INSTRUCTIONS TO FOLLOW ->
The answer should contain only the lines from the beginning of the entries through the line that holds "Yellow-crowned Night Heron - ML619156053", given again exactly, with no pictures.
*** Block opens ***
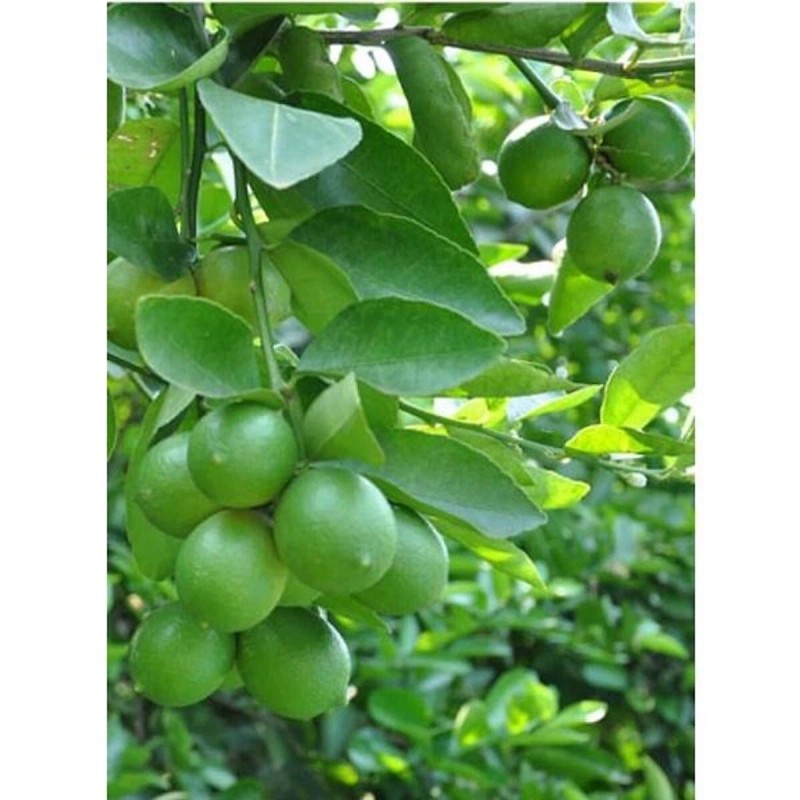 Home-Growth Key Lime, Acid Lime - 10 Seeds 2024 -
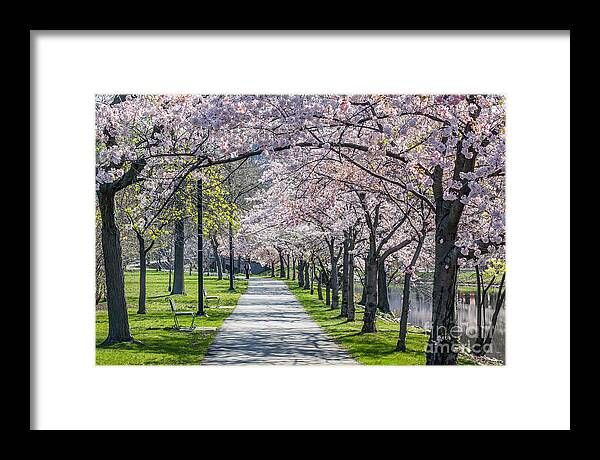 America Framed Print featuring the photograph Cherry Blossom Walk by Susan Cole Kelly
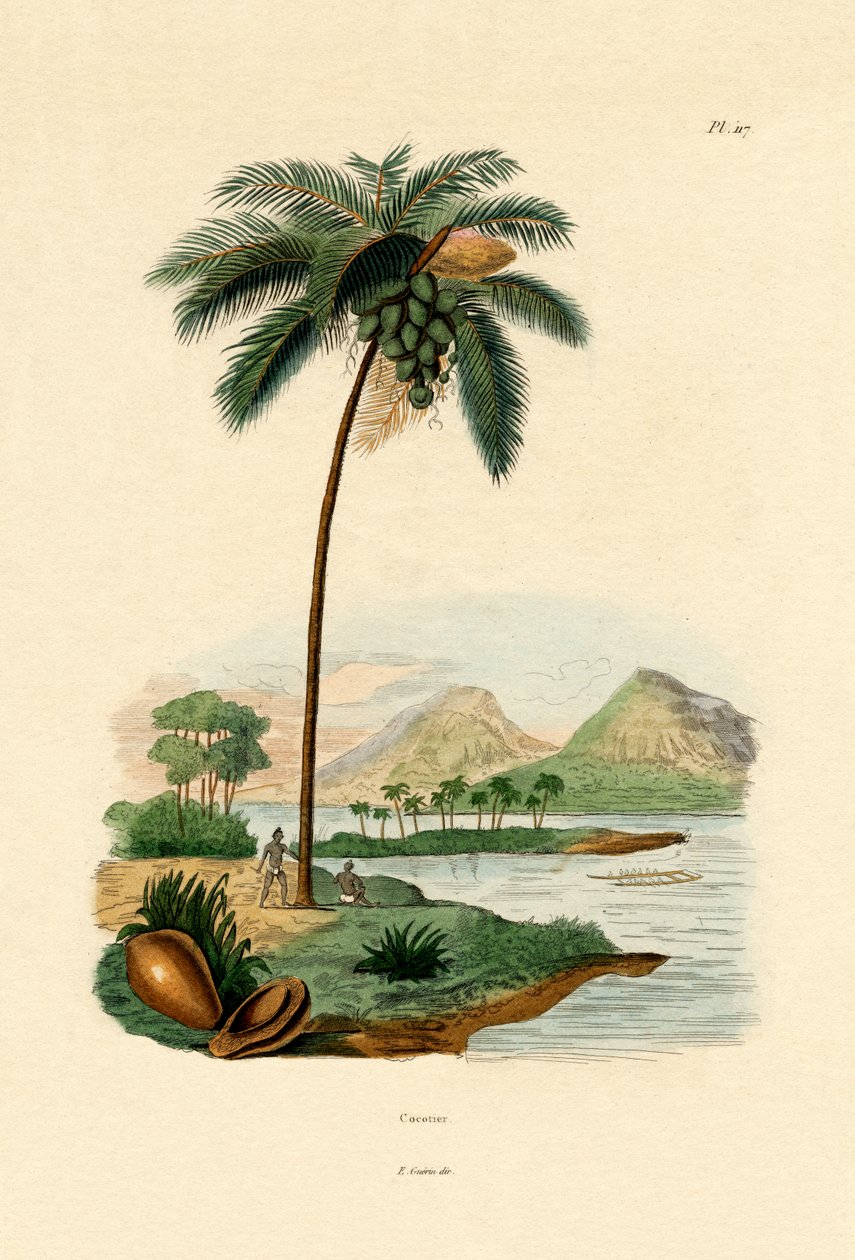 Hindistan Cevizi Palmiyesi, 1833-39 by French School
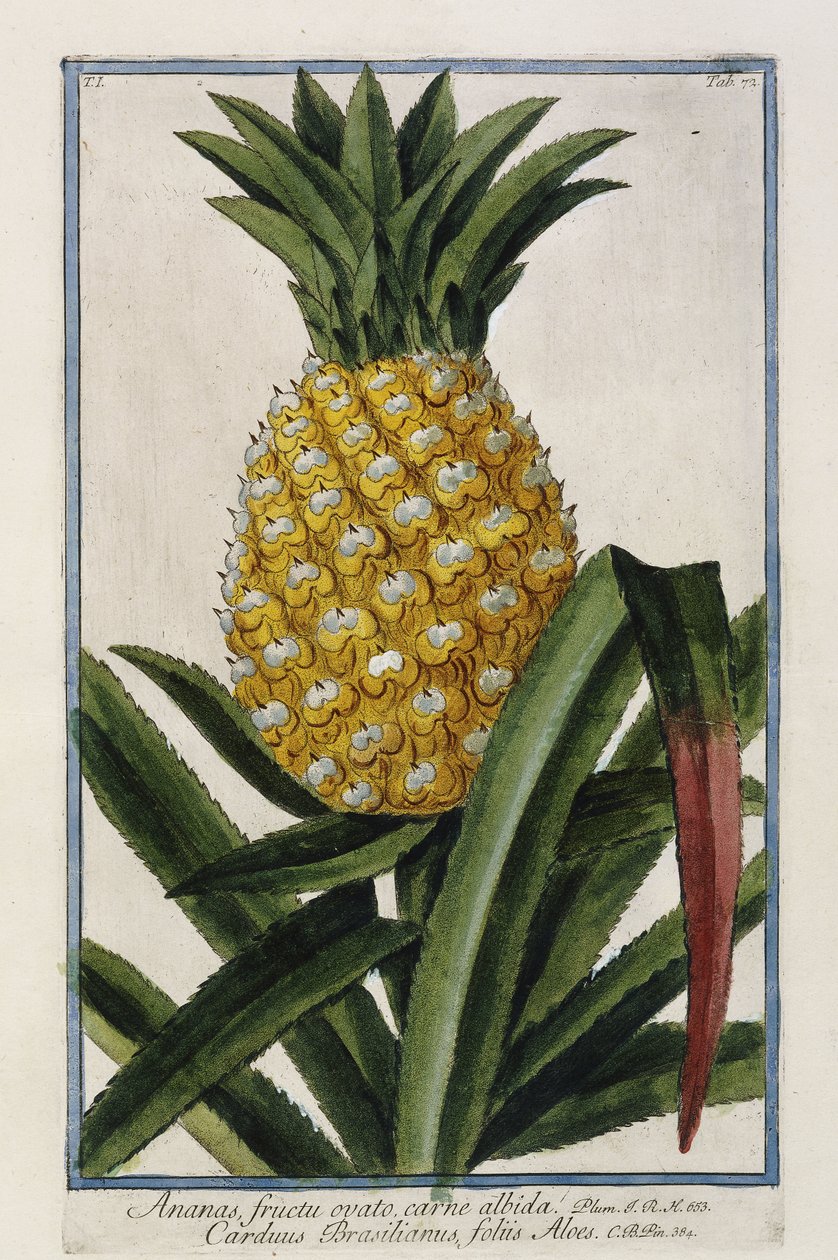 Ananas da Italian School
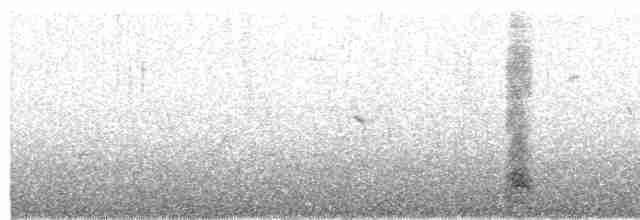 Yellow-crowned Night Heron - ML619156053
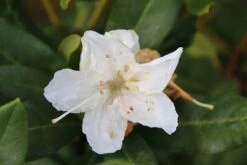 Rhododendron (Rhododendron 'Cunningham White') -Green Roots Exporteren Winkel rhododendron cunningham white 2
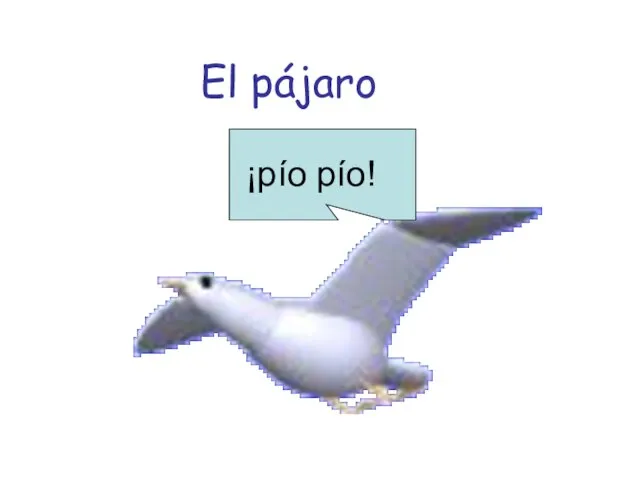 El pájaro ¡pío pío!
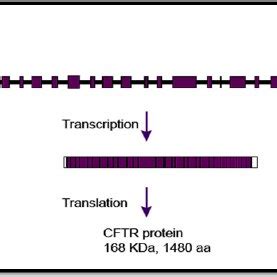 Characteristics of CFTR gene. | Download Scientific Diagram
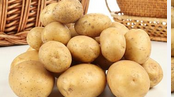 夏季降血压吃什么好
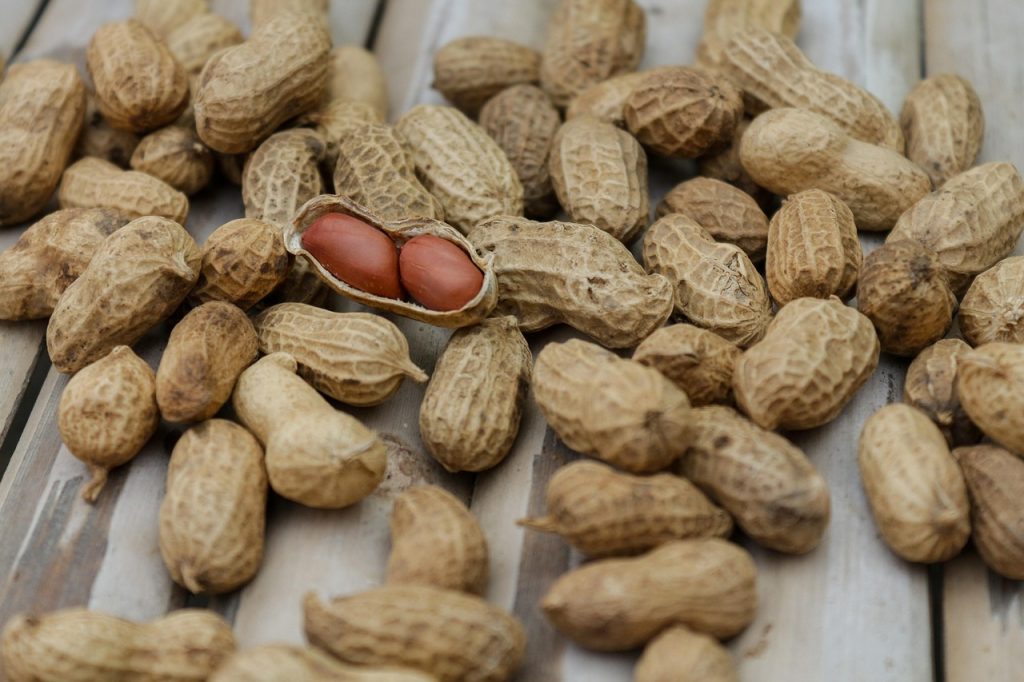 Unlock Your Potential: Mastering the Biohacking Diet for Optimal Health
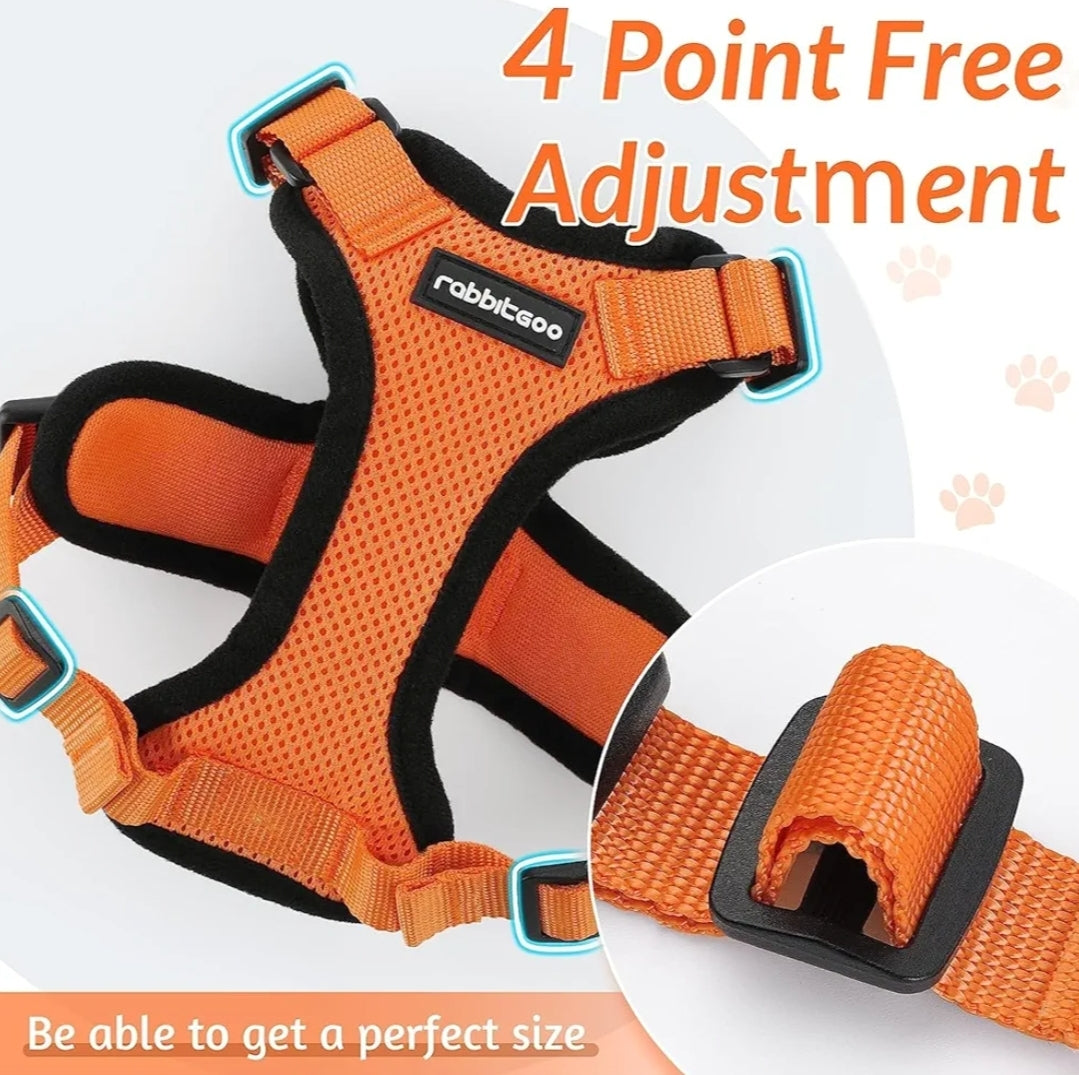 rabbitgoo Cat Harness and Leash for Walking, Escape Proof Soft Adjustable Vest Harnesses for Cats, Easy Control Breathable Reflective Strips Jacket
*** Block closes ***
RESPONSE TO THE EXERCISE ->
 Home-Growth Key Lime, Acid Lime - 10 Seeds 2024 -
 America Framed Print featuring the photograph Cherry Blossom Walk by Susan Cole Kelly
 Hindistan Cevizi Palmiyesi, 1833-39 by French School
 Ananas da Italian School
 Yellow-crowned Night Heron - ML619156053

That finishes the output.